All I can say is thanks!!
This site is a great tool and doesnt need to be trashed!


----------



## Goldendragon7 (May 2, 2004)

RCastillo said:
			
		

> Just making sure you guys haven't forgotten about me! :uhyeah:



No, but if you dont stop the "off target" posting and *insults* we might!

 %-}


----------



## Cobra (May 16, 2004)

Kaith Rustaz said:
			
		

> *MartialTalk Policy updates and changes:*
> 
> In the past few weeks several things have happened on this board that have caused concerns among both the staff and our members. These concerns cover a wide range of things. This is our attempt to address them.
> 
> ...


The whole of Spira is rooting for us. Let us not let them down, ya!

And to think, that you never came floating out of the sky that one day.


----------



## 47MartialMan (Mar 5, 2005)

But what about a belief or opinion like:

I odnt believe in Chi......just an example...not my actual opinion

And what about ppposting a thread, not of personal opinion to read, respectively what others have to dsay about?

Like a "devils adovocate" or "suppose this"....


----------



## Bob Hubbard (Mar 5, 2005)

As long as they don't violate our rules, tis fine.


----------



## 47MartialMan (Mar 5, 2005)

In those examples-do they?


----------



## Flatlander (Mar 6, 2005)

No.


----------



## 47MartialMan (Mar 6, 2005)

I happily take warning or criticism for whatever I post.


----------



## Melissa426 (Mar 7, 2005)

I just got edited for referring to unpopular politicians by the vernacular of the word for "anus."  
I don't pretend to not know that I was skirting the rules.

I have done it before and nothing happened. Is it because it just didn't get noticed?

And while the policy states cursing/profanity is prohibited, who draws the line?
Kaith?
Moderators?
Someone who reports my posts?

Thanks for your answers!


----------



## shesulsa (Mar 7, 2005)

Melissa, your prior mishap probably just got missed.  It can be hard to catch every little thing, but ... we try. :ultracool

 I sent you a PM about this.  For the record, all staff try to catch the circumvention of profanity as it is against the rules. The profanity filter here is designed to catch as much as reasonably possible and does not penalize the user.  So we ask users to let the filter do its job rather than try to work around it.

 If you have anymore questions, please feel free to ask away.

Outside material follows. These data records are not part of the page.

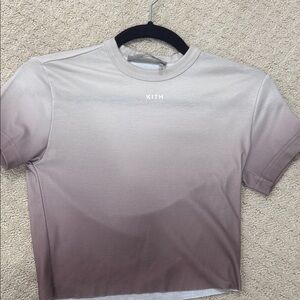 Kith Cropped Ombre T-Shirt - Cream and Brown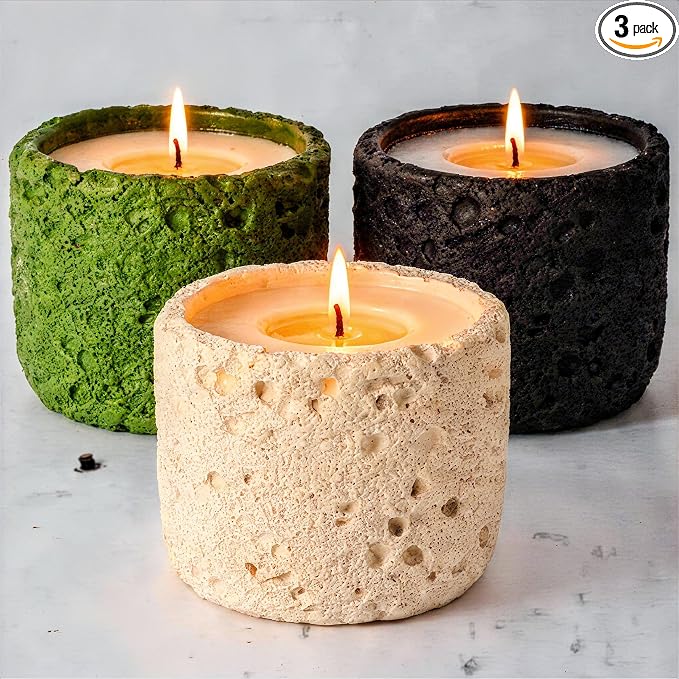 Viyffo 3 Pack Citronella Candles Outdoor, Citronella Candle Set, Outside Decorative Scented Candles, Non Toxic Soy, Colorful Ceramic Jar for Patio, Backyard Décor & Camping Gift (6oz, 12H+ Burn Each)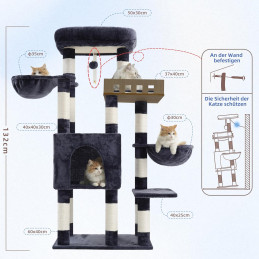 Kratzbaum Groß für Innenbereich, 135 cm Rauchgrau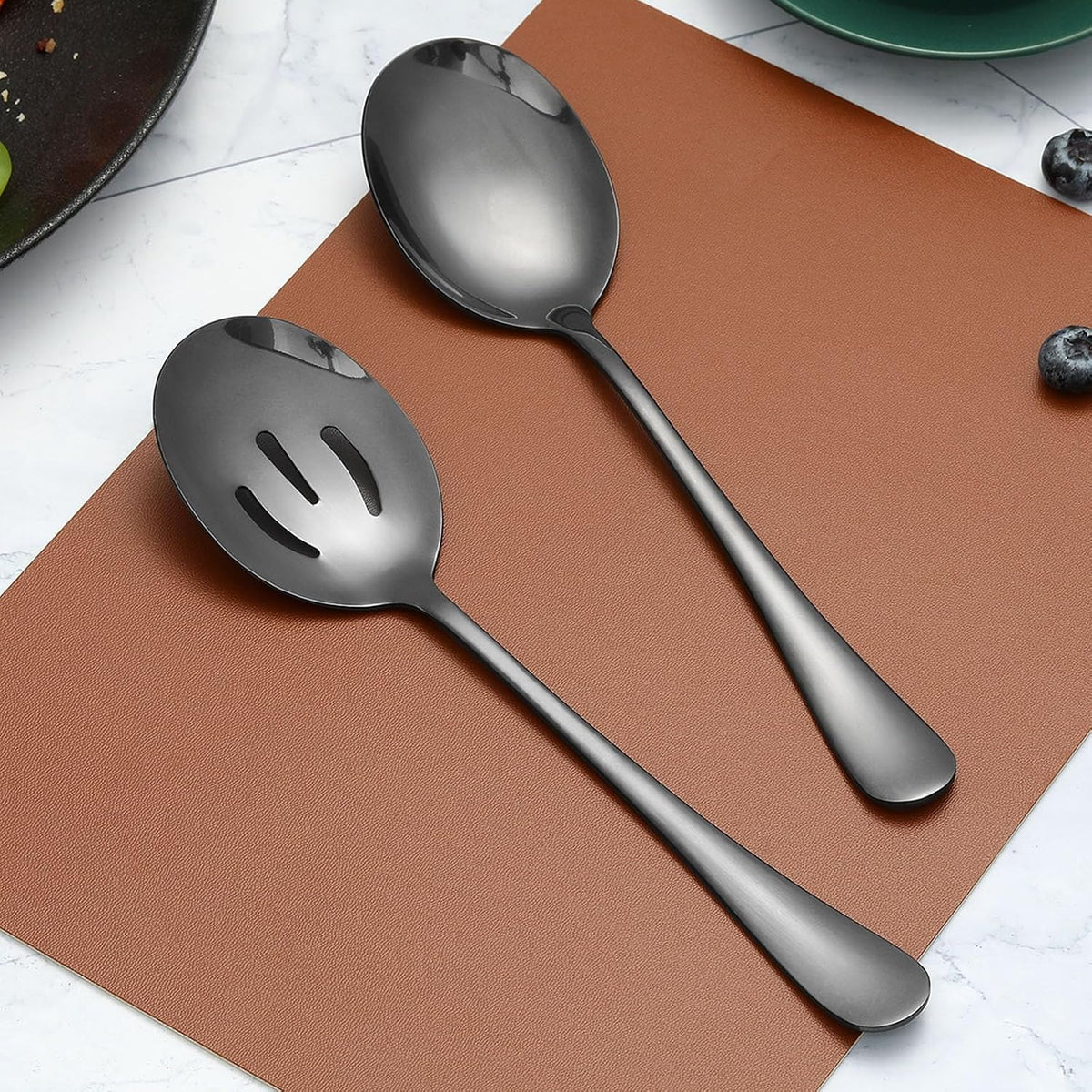 Serving Spoons Set, 8.7 Inch Serving Spoon, Slotted Spoons, Gold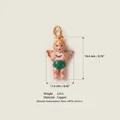 Pendentif ange chérubin exquis en émail peint en cuivre avec mesures de taille détaillées. - Style 11 Pendentif Enveloppe d'Ange
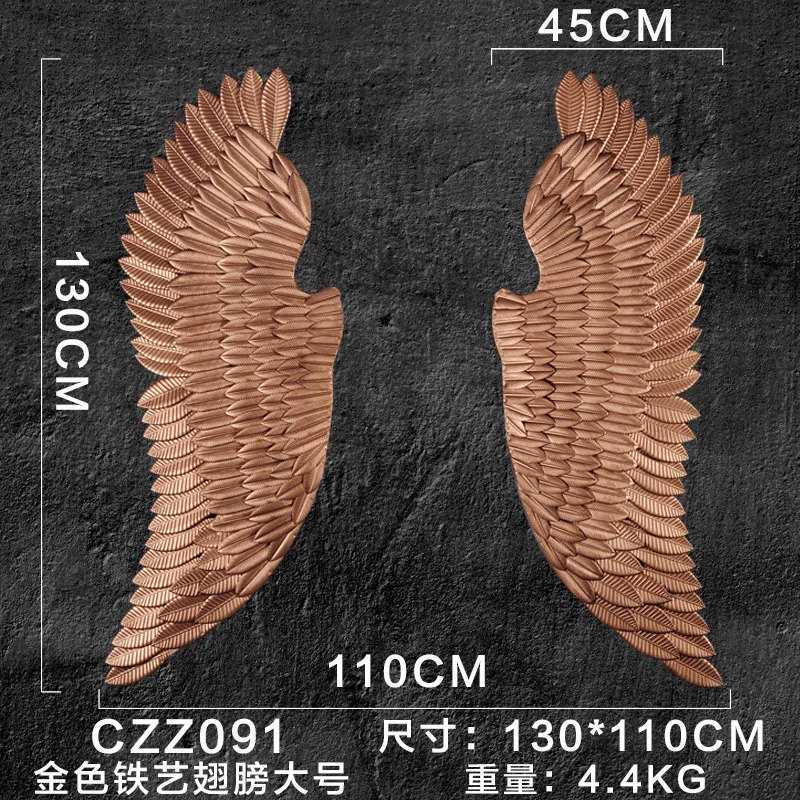 1.3 m Didelės Senovės Geležies Sienų apdailai angelas sparnų su LED Kūrybos Šviesą sparnai Baras, Kavinė Sienų dekoras. geležies Namų dekoro accessori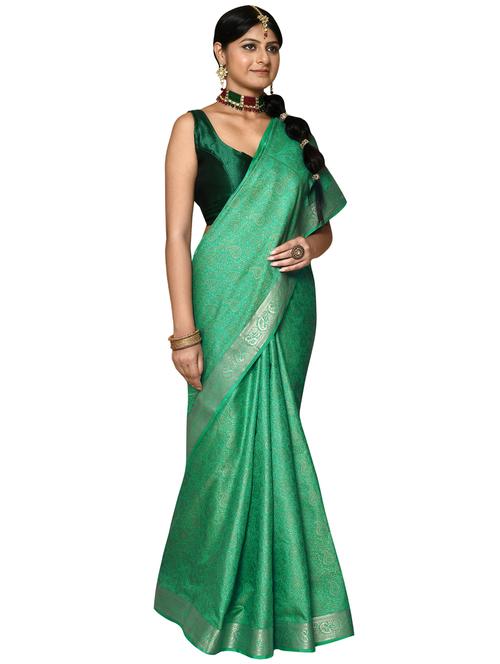 turquoise silk handloom saree with blouse - 19337185 - Very Small Image - 1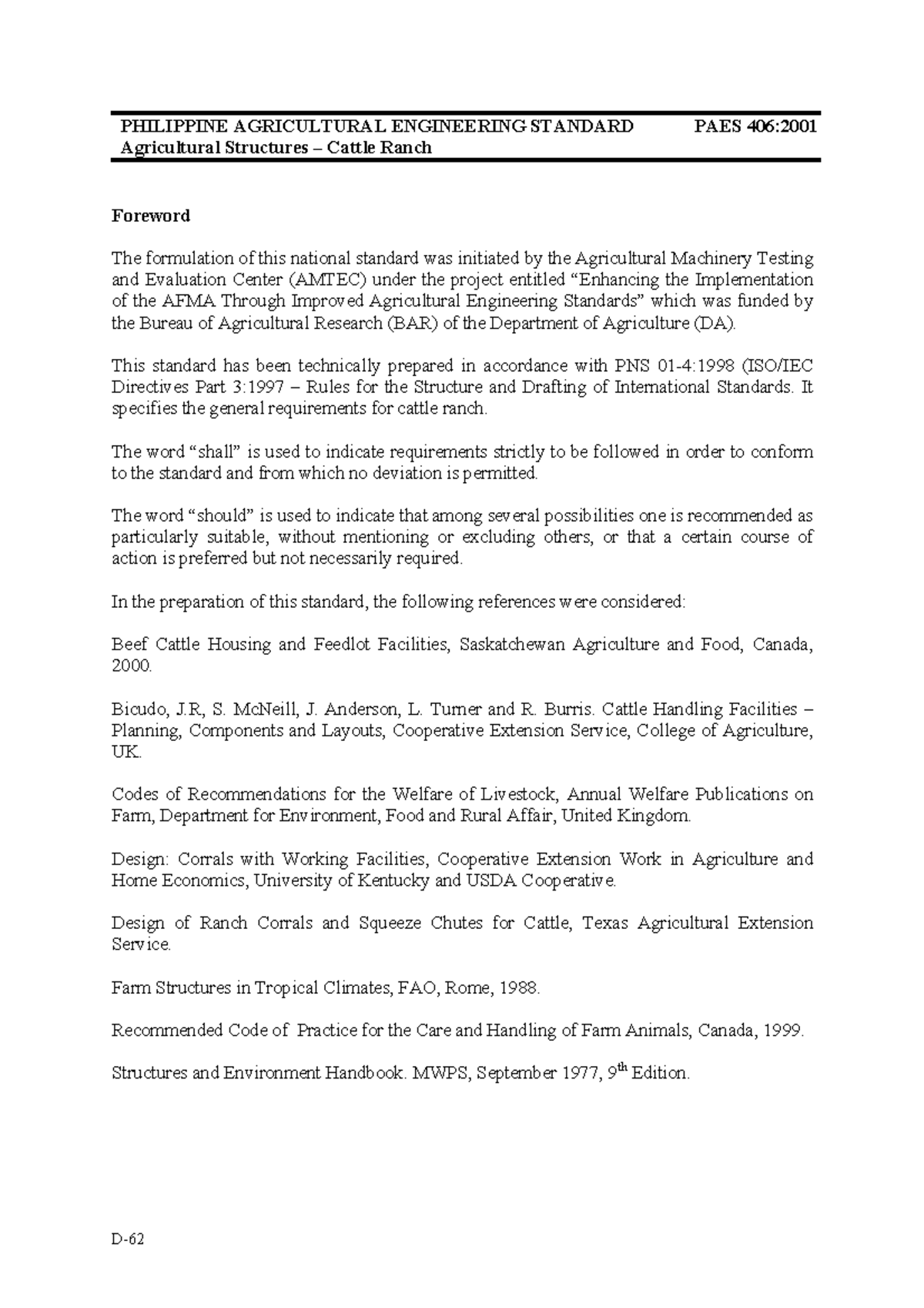 PAES 406:2001 Agricultural Structures for Cattle Ranch Standards - Studocu
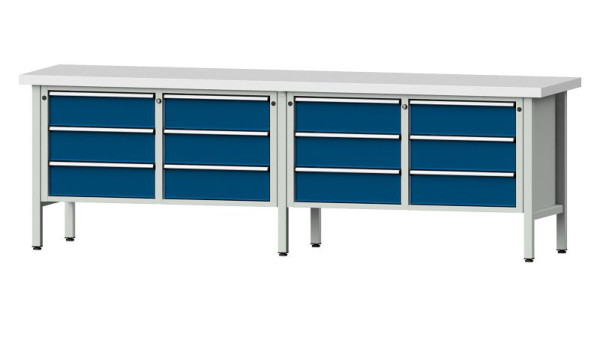 Établis ANKE établi à caissons, modèle 108 V, 2800 x 700 x 900 mm, RAL 7035/5010, KSP 50 mm, 301.451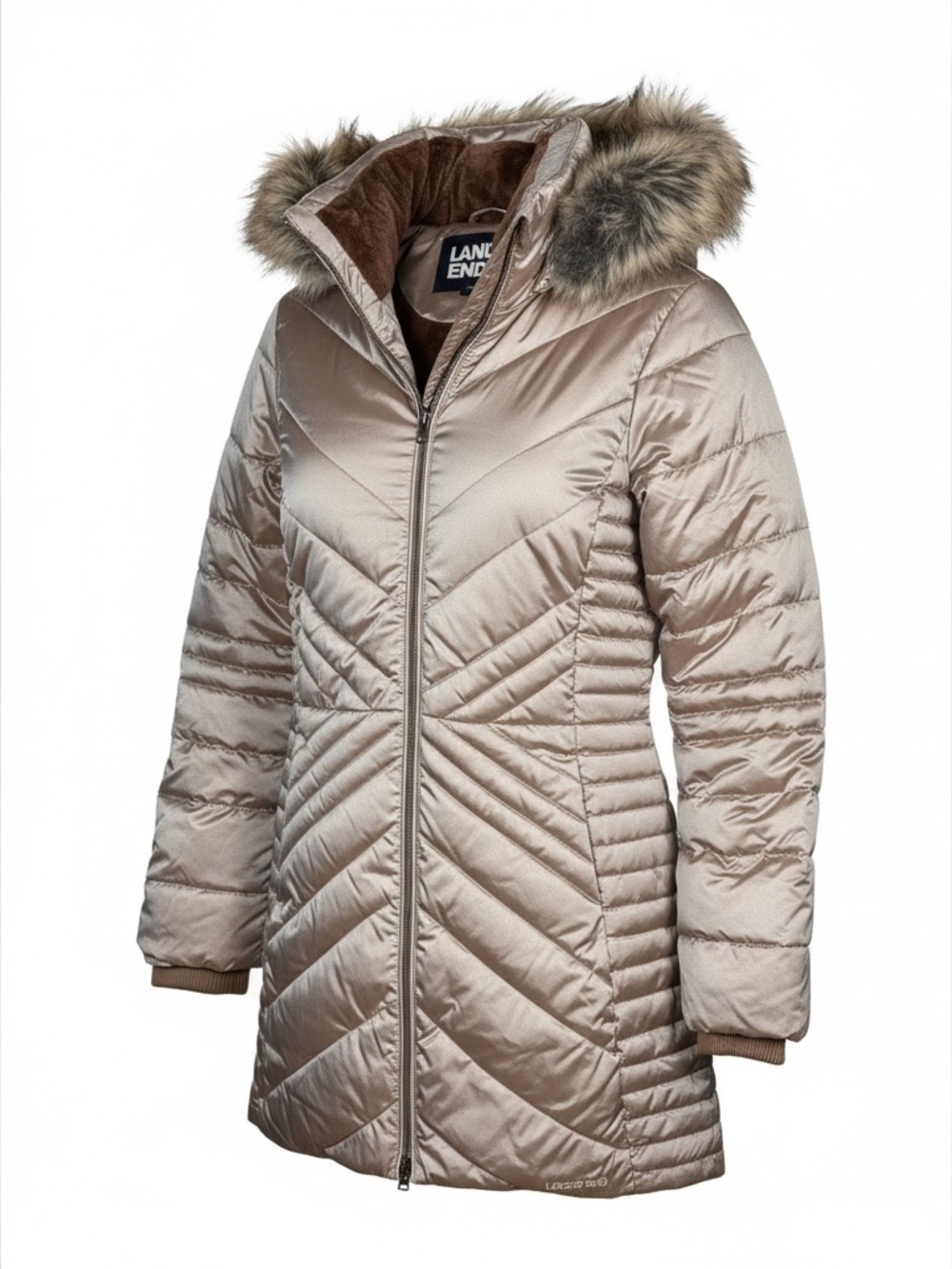Lands End FeatherFree Cozy Fleece Lined Winter Hooded Coat NEW with Tag Sz S
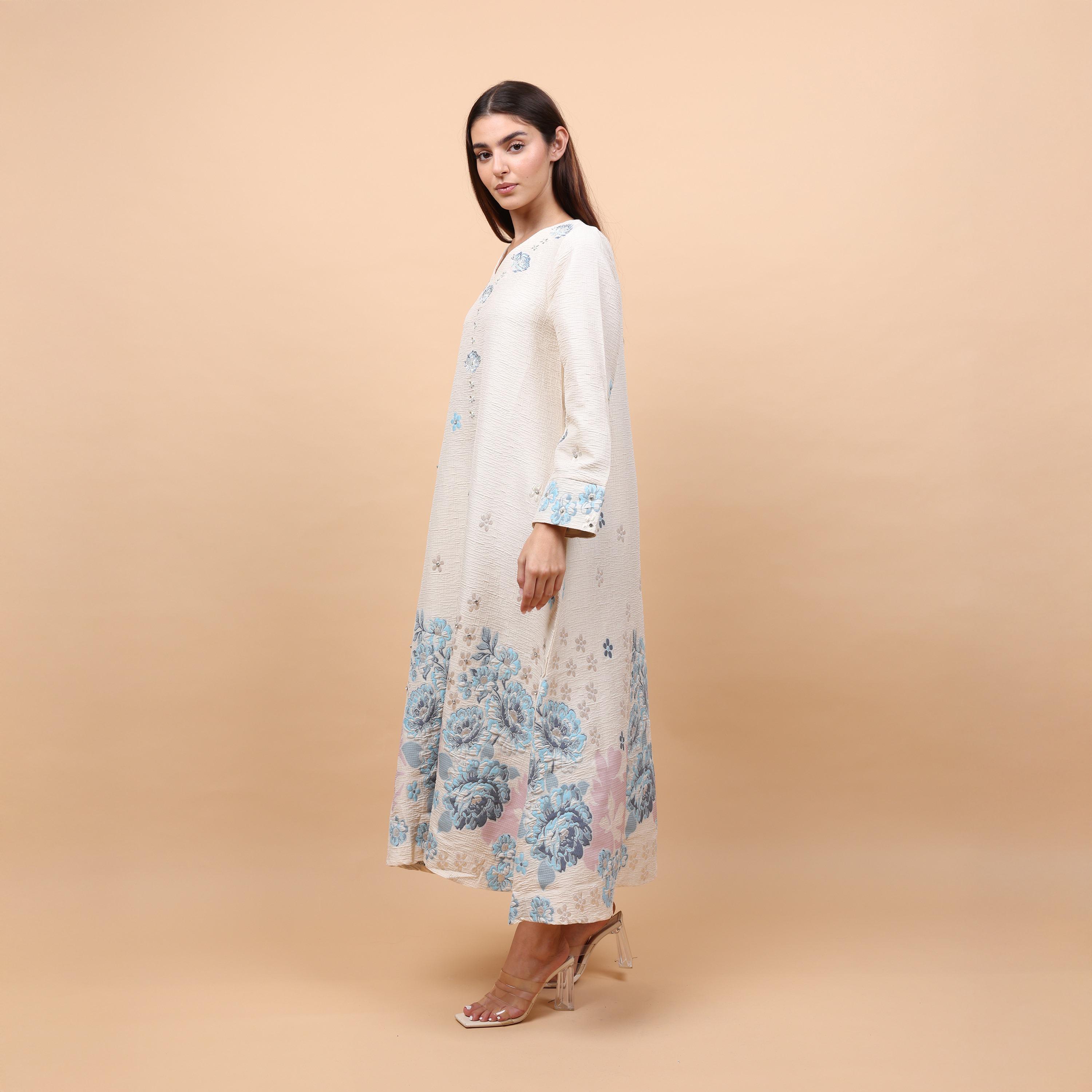 IKKXA Floral Embroidered Linen Women's Evening Jalabiya-women-arabicclothing-jalabiyas-image-3
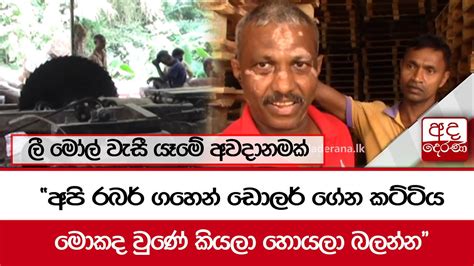 ලී මෝල් වැසී යෑමේ අවදානමක් අපි රබර් ගහෙන් ඩොලර් ගේන කට්ටිය මොකද වුණේ කියලා හොයලා බලන්න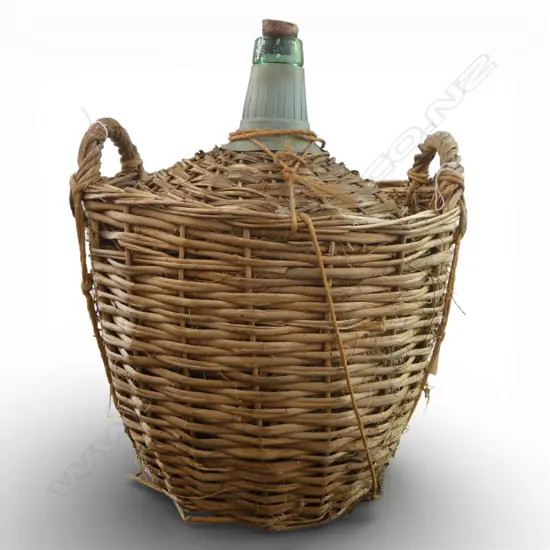 LARGE VINTAGE CANE COVERED FRENCH WINE BOTTLE H500MM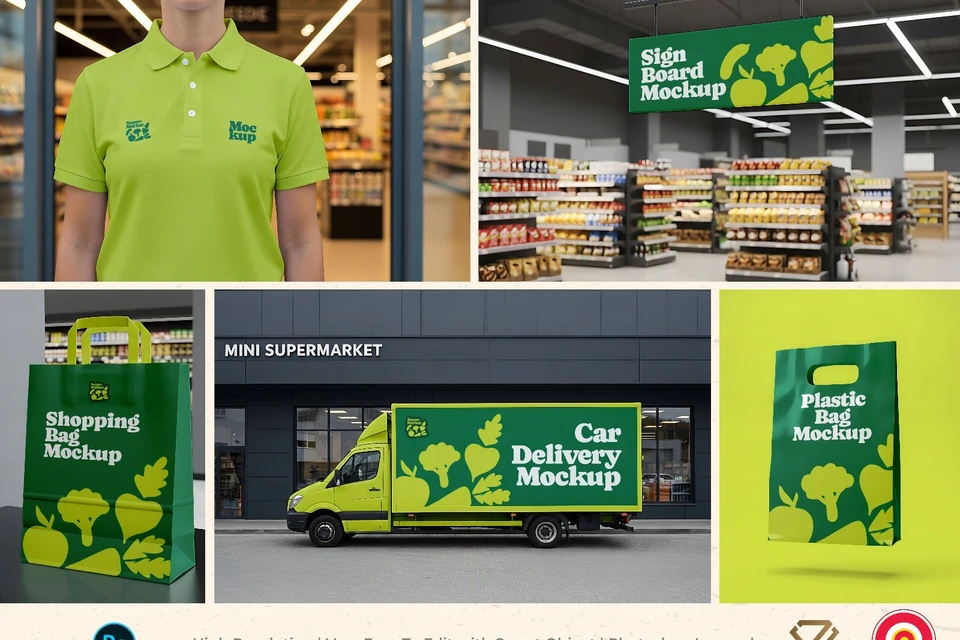 Premium Branding Supermarket Store Mockup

 Thanks again for your continued membership!

 Georgia Ketchmark
 MT Moderator


----------



## Bob Hubbard (Mar 7, 2005)

Hi Melissa,
  We do get asked that a bit.   The short version is, we make the call based on what standards we want to maintain. When we come across a posible violation, we look at it in context and make a judgement call.  Basically, if you need to use it (profanity), just type it out and let the filter do it's thing.  We don't actually filter alot, just alot of variations of a few.

Thank you,
Bob

Heres the blurb from the forum rules:



> *Profanity and other "forbidden" terms.*
> MartialTalk strives to be a comfortable place for everyone, regardless of race, religion, age, gender, sexuality or nationality. To meet that goal, we maintain a list of 'banned' words and phrases. This list includes popular profanities, slurs and several phrases termed "hate speech". While we can not hope to cover them all, we do try to cover the most common ones and their variants within the English language.
> 
> While we acknowledge that standard "netiquette" is to self-censor by replacing some of the letters with other characters, we ask that you do not do that here. If you must use a term, please type it out in its entirety and allow our filter to do its job.
> ...


----------



## 47MartialMan (Mar 7, 2005)

And is there a designated place to place a public apology?


----------



## Bob Hubbard (Mar 7, 2005)

Not really.  If someone feels it is needed for anything, best place would probably be the same forum the problem occured in. 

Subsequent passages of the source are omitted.